Hak ve hürriyetleri daraltan anayasa düzenlemeleri
Prof. Dr. Hasan Fehim Üçışık
İstanbul Yeni Yüzyıl Üniversitesi Öğretim Üyesi Türkiye’de 1982 Anayasasının insan haklarına ilişkin düzenlemeleri ivedilikle yürürlükten kaldırılmalı, din hürriyeti gereği gibi tanınmalı, sosyal hizmet ve yardımlar konusu, kanunlara bırakılmayıp vatandaşlarımıza, gerekli bütün haklar tanınmalıdır. Anayasada temel hak ve hürriyetler, milletlerarası belgelerde öngörülenlerden çok farklı düzenlemiş, bazı temel hakları açıkça tanınmamış, bazıları ise daraltılmıştır. Anayasada din hürriyeti çok önemli ölçüde kısıtlanmıştır. Türkiye’de yeni bir anayasa için tartışmalar devam etmektedir. Hâlihazırda yürürlükte olan 1982 Anayasası ise temel hak ve hürriyetleri uluslararası belgelerde öngörülenlerden çok farklı düzenlemiş, bazı temel hakları açıkça tanımamış, bazılarını daraltmıştır. 1982 Anayasası, kişilerin ve ailelerin refahının sağlanması gerektiğini belirtmiş ama İnsan Hakları Evrensel Bildirgesinde yer alan, “herkesin, kendisi ve ailesi için, yiyecek, giyim, konut ve tıbbi bakım ve gerekli sosyal hizmetler dâhil olmak üzere, sağlığını ve refahını temin edecek bir hayat seviyesine hakkı olduğu” şeklindeki hükmü alıntılamamış, eş değer bir düzenleme de yapmamıştır.

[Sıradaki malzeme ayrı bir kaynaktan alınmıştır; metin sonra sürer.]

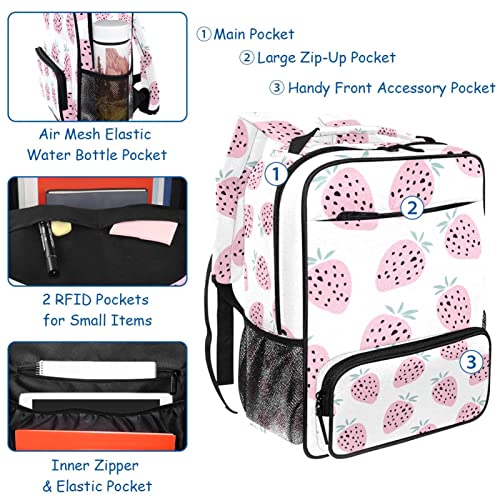 Sac à dos de voyage rose multicolore grand format taille unique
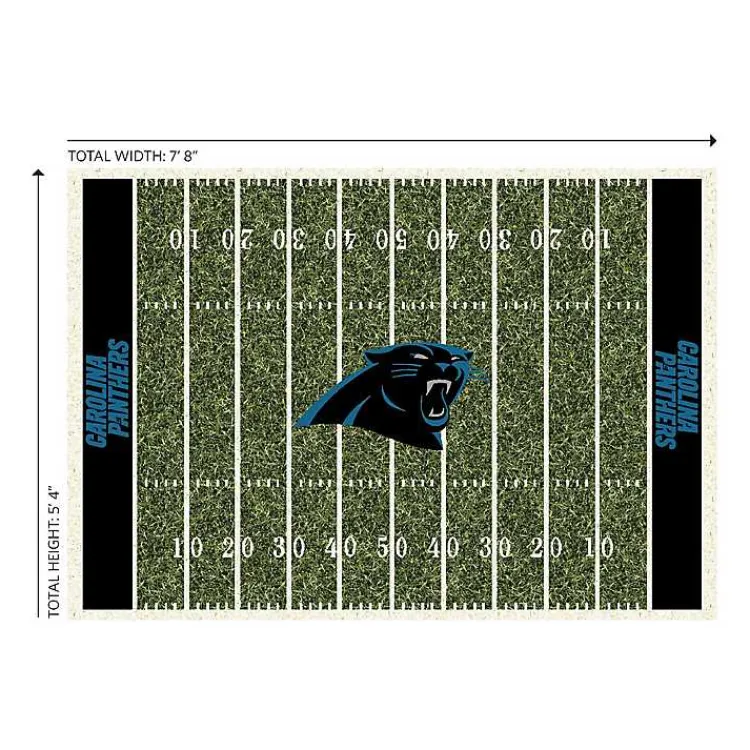 Area Rugs-Kirklands Home Carolina Panthers Home Field Area Rug, 6x8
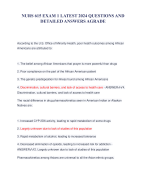 NURS 615 EXAM 1 LATEST 2024 QUESTIONS AND DETAILED ANSWERS AGRADE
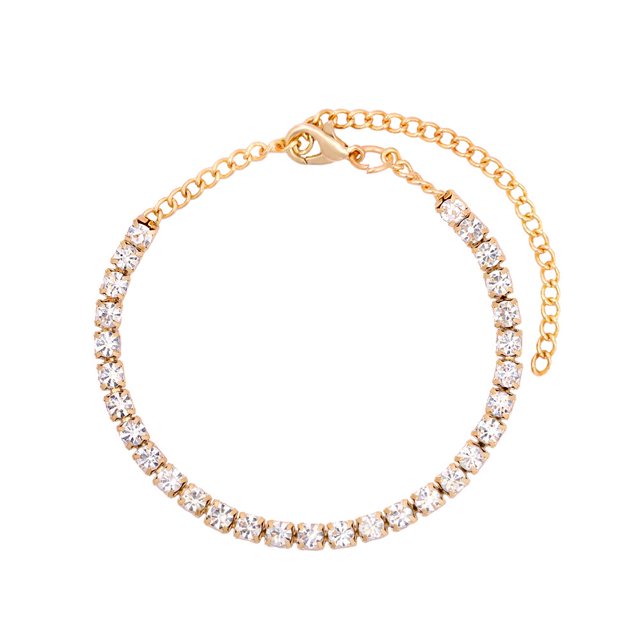 Pulseras de cadena de eslabones cubanos para hombres y mujeres, joyería de estilo Hip Hop, con diamantes de imitación, rombo, 14/20MM Fivean unisex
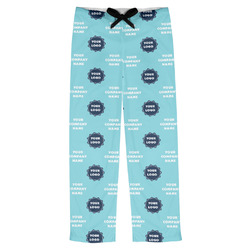 Logo & Company Name Mens Pajama Pants - L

ÇALIŞMA HÜRRİYETİ DEĞİL, ÇALIŞMA MECBURİYETİ
1982 Anayasası, çalışanların korunmasını ve hayat seviyelerinin yükseltilmesini öngörmüş, fakat İnsan Hakları Evrensel Bildirgesinde yer alan “çalışanların, kendilerine ve ailelerine insan haysiyetine uygun bir yaşayış sağlayan, elverişli bir ücrete hakkı olduğu” şeklindeki hükmü alıntılamamış ve eş değer bir düzenleme yapmamıştır. Bu durumda, yıllarca emek gelirleri, aile geçindirecek düzeyde belirlenmemiş; çocuklar, emekliler ve küçük çocuklu kadınlar bile isteksiz olarak iş aramak ve çalışmak zorunda bırakılmıştır. Ülkemizde “çalışma hürriyeti”, “çalışma zorunluluğuna” dönüşmüştür. Öte yandan asgari ücret, çeşitli yerleşim yerlerinde geçim şartlarının çok farklı olduğu dikkatle alınmadan tek bir miktar olarak belirlenmiş, bazen hesaplama yapılmadan enflasyon oranı esas alınmıştır. Neticede çalışanların büyük bir kısmı aile geçindirecek ücret elde edememiştir. Oysa, 1982 Anayasası herkesin refah ve mutluluğu sağlamayı ve ailenin korunmasını öngörmektedir. 1996 tarihli Avrupa Sosyal Şartına göre, taraf devletler, çalışanlara en az 4 haftalık ücretli yıllık izin imkânı sağlamayı taahhüt ederler. 1982 Anayasasına göre, bağımlı çalışanların yıllık ücretli izin hakları ve şartları kanunla düzenlenir.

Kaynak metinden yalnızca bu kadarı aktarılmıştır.